HOW TO COMPLETE THIS TASK: Write the records out again exactly, leaving no images in.

□ □ □

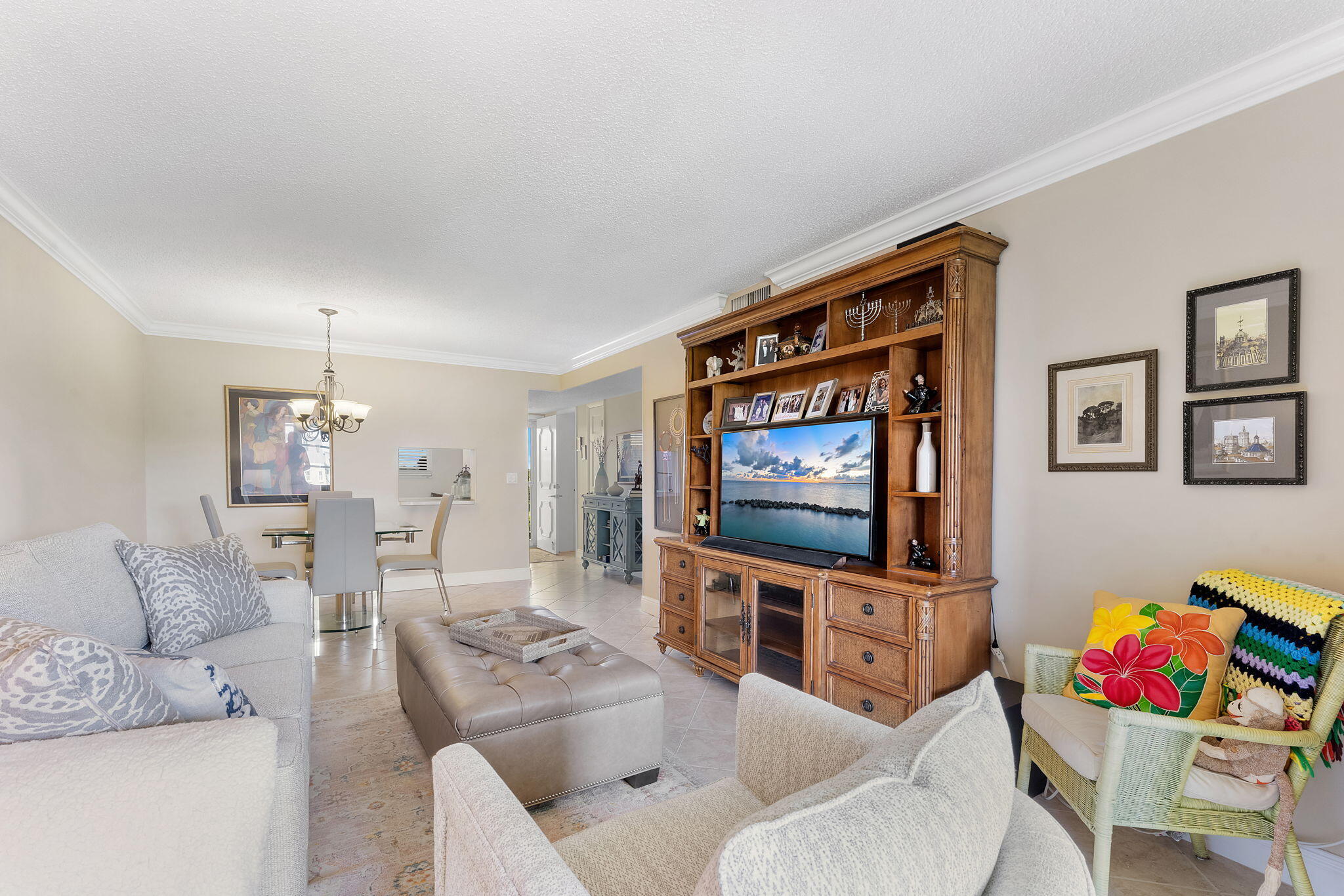 2515 NE 2nd Court 405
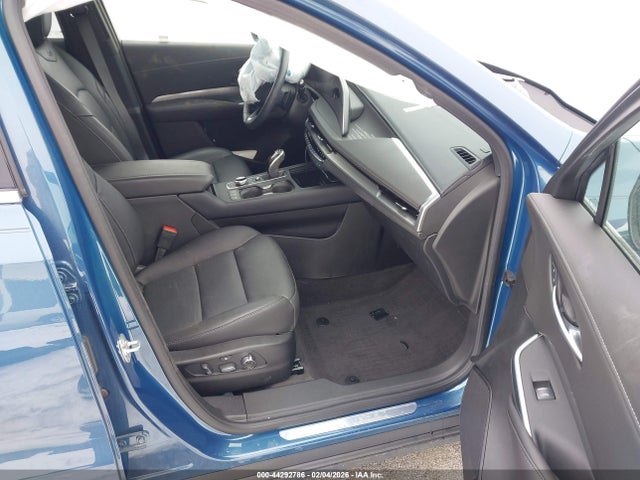 2024 CADILLAC XT4 1GYFZCR43RF253180 Photo 4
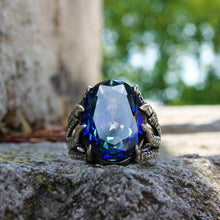 Görseli Galeri görüntüleyiciye yükleyin, Claw Design Blue Zircon Ring
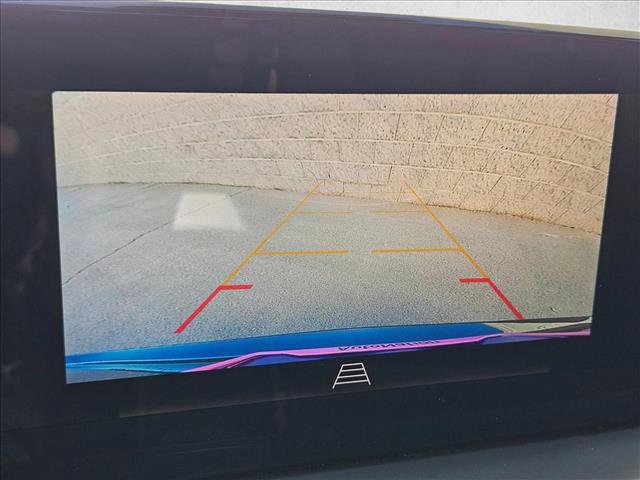 Used 2024 Buick Encore GX Sport Touring image 13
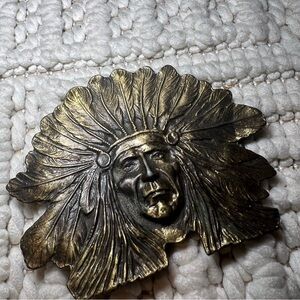 VINTAGE NATIVE AMERICAN INDIAN WITH FULL FEATHER HEADDRESS BRASS BELT BUCKLE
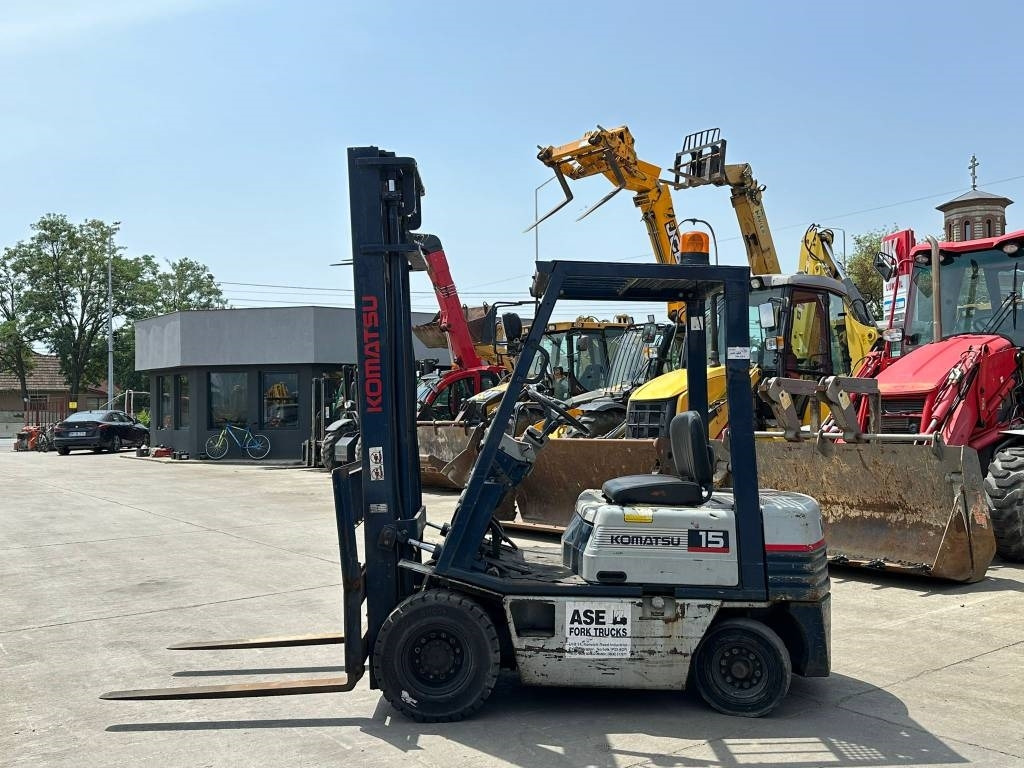 Komatsu FG 15 HT-15 - Viličar: slika Komatsu FG 15 HT-15 - Viličar Komatsu FG 15 HT-15 - Viličar: slika Komatsu FG 15 HT-15 - Viličar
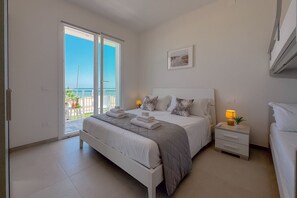 1 bedroom, WiFi - Beachfront Apt with Parking (Civitanova Marche)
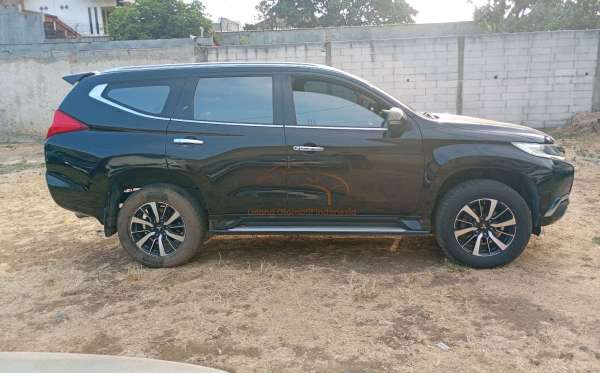 MITSUBISHI  PAJERO  SPORT 2.4L DAKAR-L (4X2)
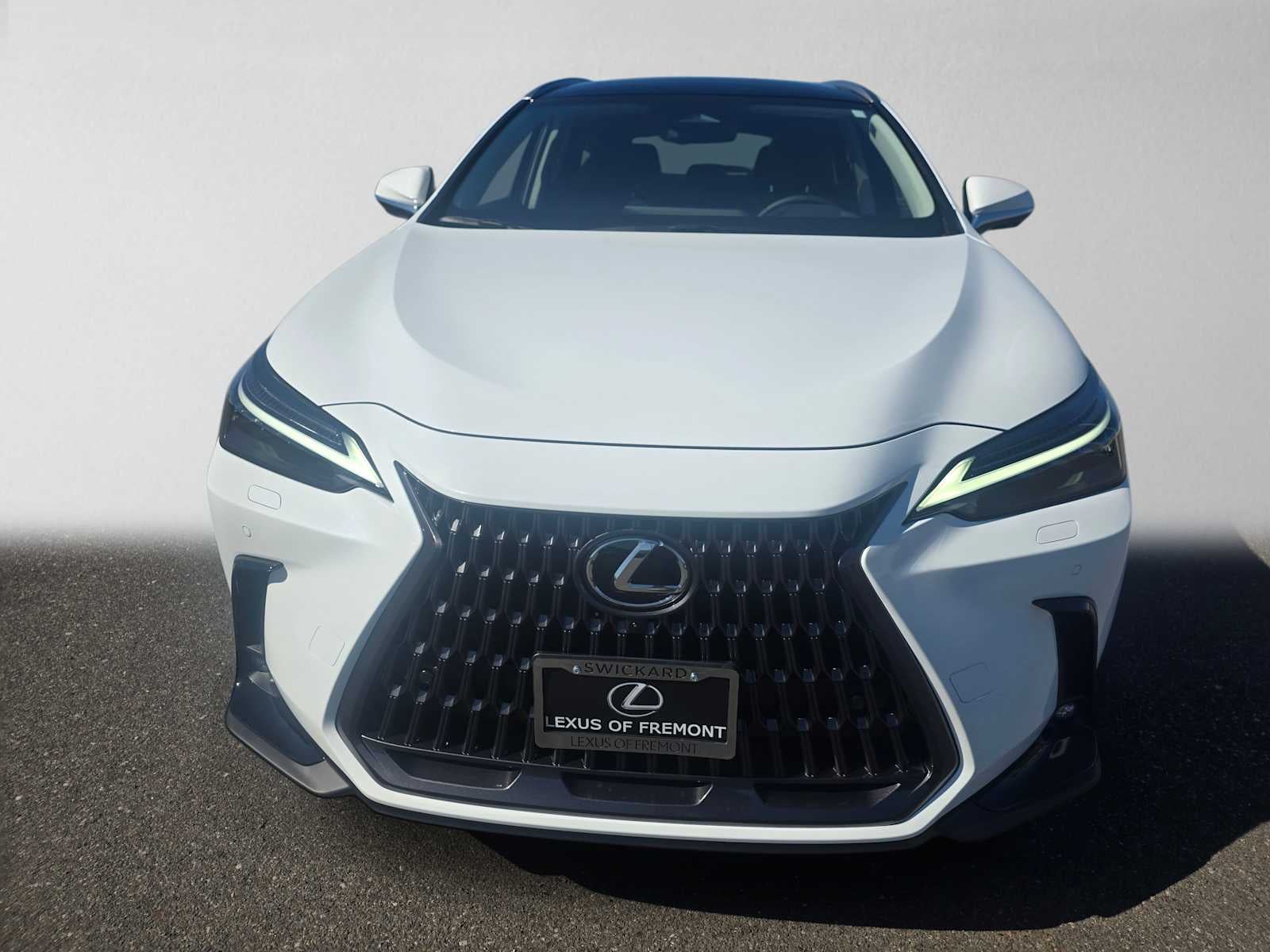 2026 Lexus NX 350h Luxury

□ □ □

EXPECTED ANSWER:
 2515 NE 2nd Court 405
 2024 CADILLAC XT4 1GYFZCR43RF253180 Photo 4
 Görseli Galeri görüntüleyiciye yükleyin, Claw Design Blue Zircon Ring
 Used 2024 Buick Encore GX Sport Touring image 13
 VINTAGE NATIVE AMERICAN INDIAN WITH FULL FEATHER HEADDRESS BRASS BELT BUCKLE
 Komatsu FG 15 HT-15 - Viličar: slika Komatsu FG 15 HT-15 - Viličar Komatsu FG 15 HT-15 - Viličar: slika Komatsu FG 15 HT-15 - Viličar
 1 bedroom, WiFi - Beachfront Apt with Parking (Civitanova Marche)
 MITSUBISHI  PAJERO  SPORT 2.4L DAKAR-L (4X2)
 2026 Lexus NX 350h Luxury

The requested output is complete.